WebSwarm: Recursive Multi-Agent System Beats Single-Agent Web Search
New framework uses recursive delegation for deep-and-wide web search tasks.
WebSwarm addresses the limitations of single ReAct-style agents in handling deep-and-wide web search. A single long trajectory and limited context make it hard to simultaneously cover depth and breadth. Existing multi-agent systems improve coverage through parallel execution but lack recursive depth and evidence-grounded expansion.
WebSwarm introduces a progressive recursive delegation framework. It probes task-relevant information organization on the web, then instantiates agentic search nodes with local objectives and search modes. Nodes can delegate child nodes or solve their own objective, returning evidence upward. Experiments on multiple benchmarks show WebSwarm outperforms baselines, with ablation studies confirming its effectiveness.

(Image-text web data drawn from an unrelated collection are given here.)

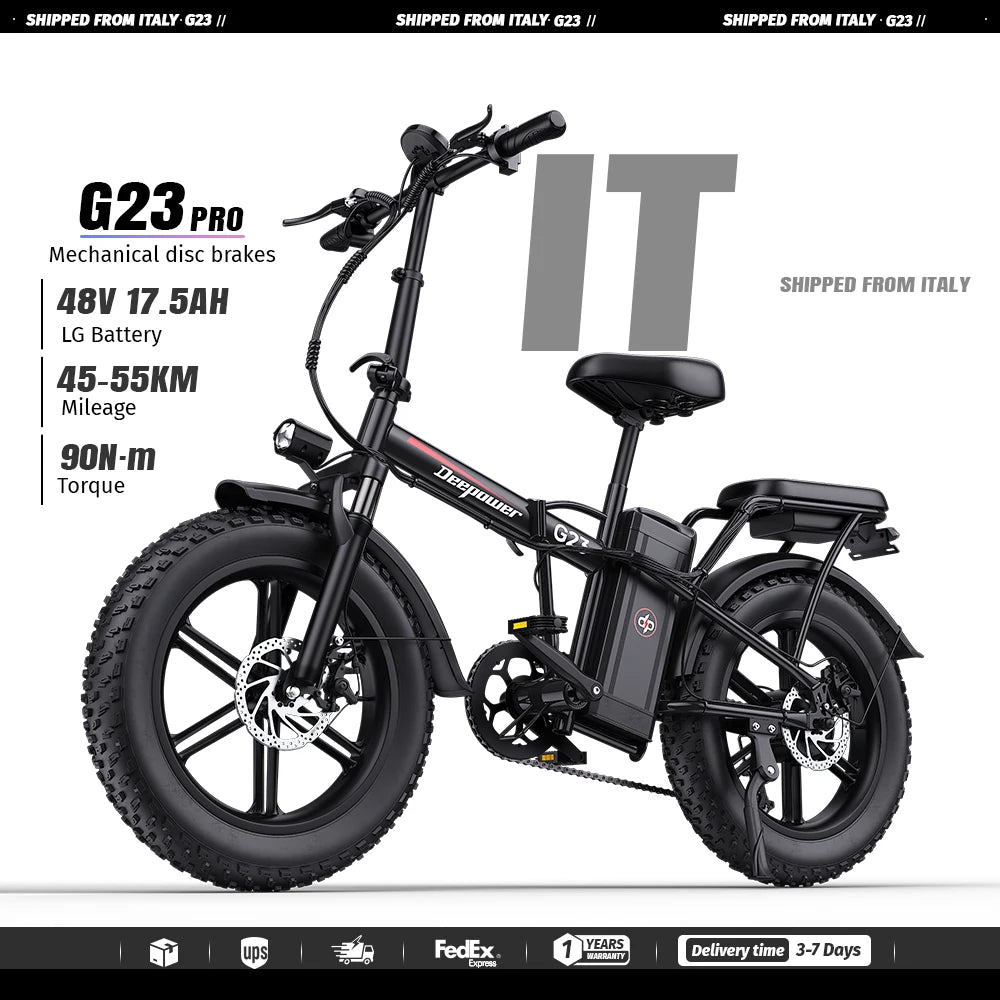 Bicicleta eléctrica plegable DEEPOWER G23, motor con par de 90 N·m, batería extraíble LG de 48V 35Ah, neumáticos gruesos de 20×4.0 pulgadas, bicicleta eléctrica todoterreno, 7 velocidades, frenos de disco mecánicos, ebike urbana para desplazamientos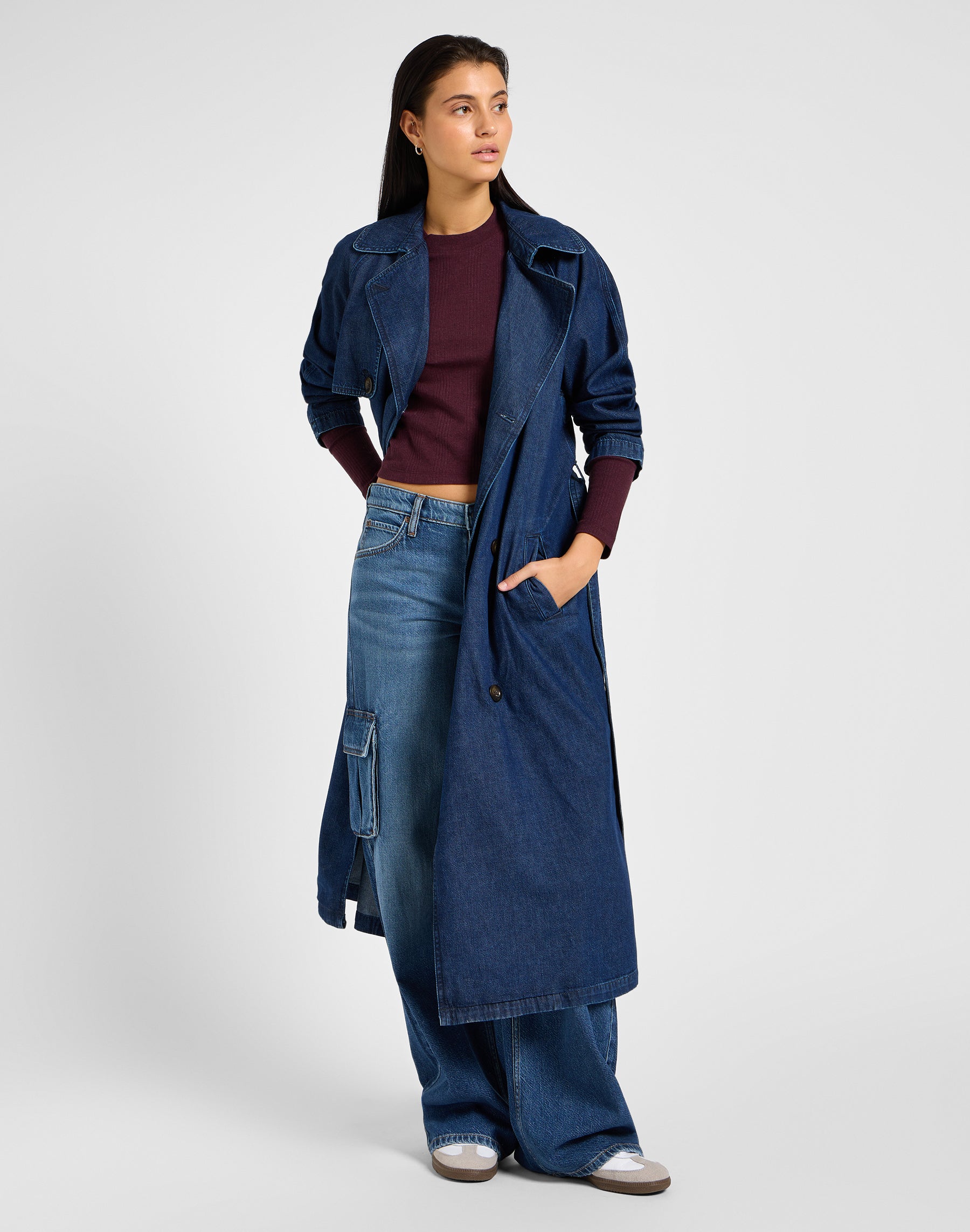 Slouch cargo in indigo sheen jeans Lee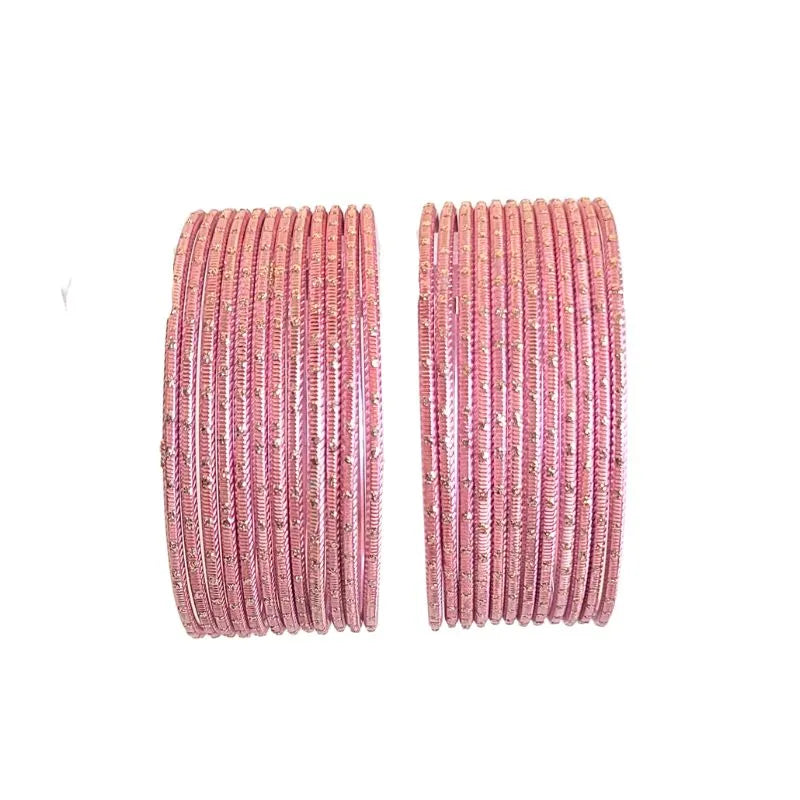 Maya-A Metal Bangles Size 2.10- - Set of 24-Light Peach-Global Food Hub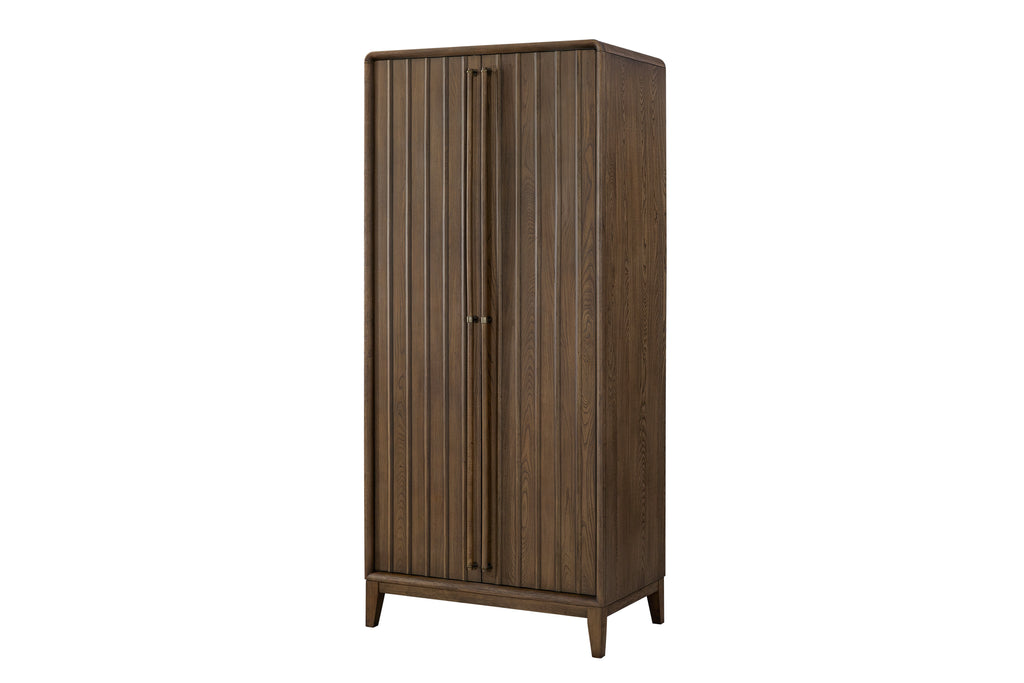 Mid Century Modern Wood Armoire - Latte Finish Wardrobe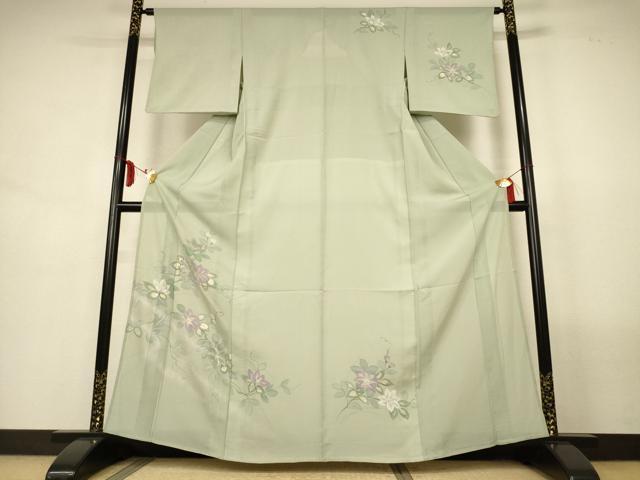 平和屋着物＊夏物　訪問着　絽　手描き　草花文　銀彩　正絹　逸品　AABL7988jd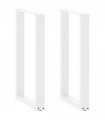 vidaXL Bar Table Legs U-Shaped 2 pcs White 40x(90-91) cm Steel — Size: 40 x (90-91) cm
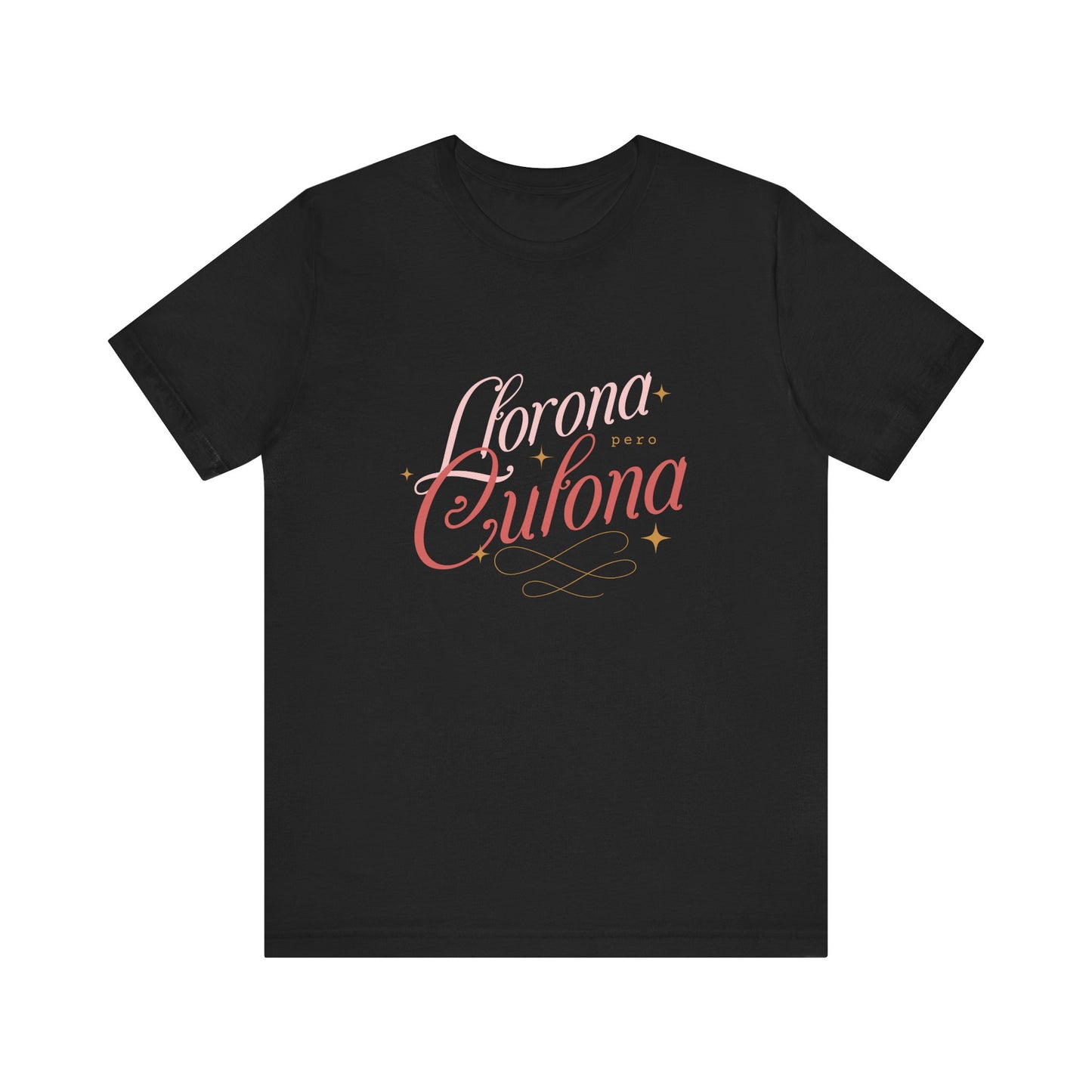 Corona Cubana Script Tee — Retro Cuban Text Graphic T-Shirt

- WebSwarm uses recursive delegation to dynamically instantiate agentic search nodes that can spawn child nodes for deeper exploration.
- It outperforms single-agent and multi-agent baselines on BrowseComp-Plus, WideSearch, DeepWideSearch, and GISA benchmarks.
- The framework reuses process-level experience across homogeneous sibling nodes to improve efficiency.
Why It Matters
By combining recursive depth with parallel coverage, WebSwarm enables more thorough, research-grade web search from AI agents.